Since LDA respects the output classes, LDA is a supervised dimensionality reduction model.

Source: http://sebastianraschka.com/Articles/2014_python_lda.html
import pandas as pd
import matplotlib.pyplot as plt
import numpy as np
df = pd.read_csv('Wine.csv')
X = df.iloc[:, :13].values # Using 1:2 as indices will give us np array of dim (10, 1)
y = df.iloc[:, 13].values
df.head()
| Alcohol | Malic_Acid | Ash | Ash_Alcanity | Magnesium | Total_Phenols | Flavanoids | Nonflavanoid_Phenols | Proanthocyanins | Color_Intensity | Hue | OD280 | Proline | Customer_Segment | |
|---|---|---|---|---|---|---|---|---|---|---|---|---|---|---|
| 0 | 14.23 | 1.71 | 2.43 | 15.6 | 127 | 2.80 | 3.06 | 0.28 | 2.29 | 5.64 | 1.04 | 3.92 | 1065 | 1 |
| 1 | 13.20 | 1.78 | 2.14 | 11.2 | 100 | 2.65 | 2.76 | 0.26 | 1.28 | 4.38 | 1.05 | 3.40 | 1050 | 1 |
| 2 | 13.16 | 2.36 | 2.67 | 18.6 | 101 | 2.80 | 3.24 | 0.30 | 2.81 | 5.68 | 1.03 | 3.17 | 1185 | 1 |
| 3 | 14.37 | 1.95 | 2.50 | 16.8 | 113 | 3.85 | 3.49 | 0.24 | 2.18 | 7.80 | 0.86 | 3.45 | 1480 | 1 |
| 4 | 13.24 | 2.59 | 2.87 | 21.0 | 118 | 2.80 | 2.69 | 0.39 | 1.82 | 4.32 | 1.04 | 2.93 | 735 | 1 |
# Split in training and testing
from sklearn.model_selection import train_test_split
X_train, X_test, y_train, y_test = train_test_split(X, y, test_size=0.25)
# Scale
from sklearn.preprocessing import StandardScaler
X_sca = StandardScaler()
X_train = X_sca.fit_transform(X_train)
X_test = X_sca.transform(X_test)
from sklearn.discriminant_analysis import LinearDiscriminantAnalysis
lda = LinearDiscriminantAnalysis(n_components=2)
# since LDA is supervised, also need to pass y_train
X_train = lda.fit_transform(X_train, y_train)
X_test = lda.transform(X_test)
plt.scatter([x[0] for x in X_train], [x[1] for x in X_train])
plt.show()
from sklearn.linear_model import LogisticRegression
from sklearn.metrics import confusion_matrix
clf = LogisticRegression(random_state=0)
clf.fit(X_train, y_train)
y_pred = clf.predict(X_test)
cm = confusion_matrix(y_test, y_pred)
cm
array([[12, 0, 0],
[ 0, 21, 0],
[ 0, 0, 12]])
clf.score(X_test, y_test)
1.0
from matplotlib.colors import ListedColormap
X_set, y_set = X_train, y_train
# generates every pixel in the table.
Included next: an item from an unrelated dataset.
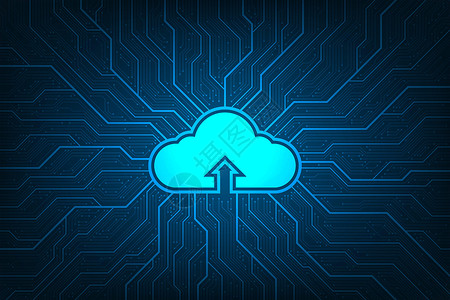 各种软件素材云网络通过数字系统上传各种信息电路科学插图蓝色运动工程主页软件全球电脑插画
MeshGrid creates one entry for every point from X1 to X2
X1, X2 = np.meshgrid(np.arange(start=X_set[:, 0].min() - 1, stop=X_set[:, 0].max() + 1, step=0.01),
np.arange(start=X_set[:, 0].min() - 1, stop=X_set[:, 0].max() + 1, step=0.01))
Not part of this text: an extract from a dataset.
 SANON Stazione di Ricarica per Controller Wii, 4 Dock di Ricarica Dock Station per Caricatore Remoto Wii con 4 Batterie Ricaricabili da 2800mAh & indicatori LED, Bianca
# classifies every pixel as 0 or 1
plt.contourf(X1, X2, clf.predict(np.array([X1.ravel(), X2.ravel()]).T).reshape(X1.shape),
alpha=0.75, cmap=ListedColormap(('red', 'green', 'blue')))
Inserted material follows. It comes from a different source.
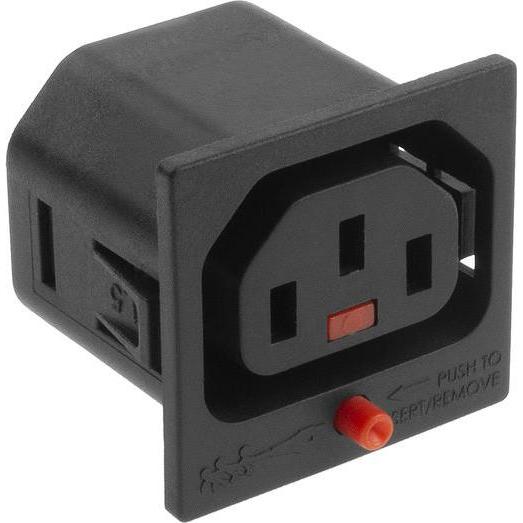 Iec Lock C13 Net Entree female lockable, Elektronikkabel + Stecker, Rot, Schwarz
for i, j in enumerate(np.unique(y_set)):
plt.scatter(X_set[y_set == j, 0], X_set[y_set == j, 1],
c=ListedColormap(('red', 'green', 'blue'))(i), label=j, edgecolor='black')
plt.xlim(X1.min(), X1.max())
plt.legend()
plt.ylim(X2.min(), X2.max())
plt.title('Logistic Regression using LDA')
plt.xlabel('LD1')
plt.ylabel('LD2')
plt.show()
/var/folders/7m/04ssj6n96q984_6wsnr60dg00000gn/T/ipykernel_99097/84431311.py:10: UserWarning: *c* argument looks like a single numeric RGB or RGBA sequence, which should be avoided as value-mapping will have precedence in case its length matches with *x* & *y*. Please use the *color* keyword-argument or provide a 2D array with a single row if you intend to specify the same RGB or RGBA value for all points.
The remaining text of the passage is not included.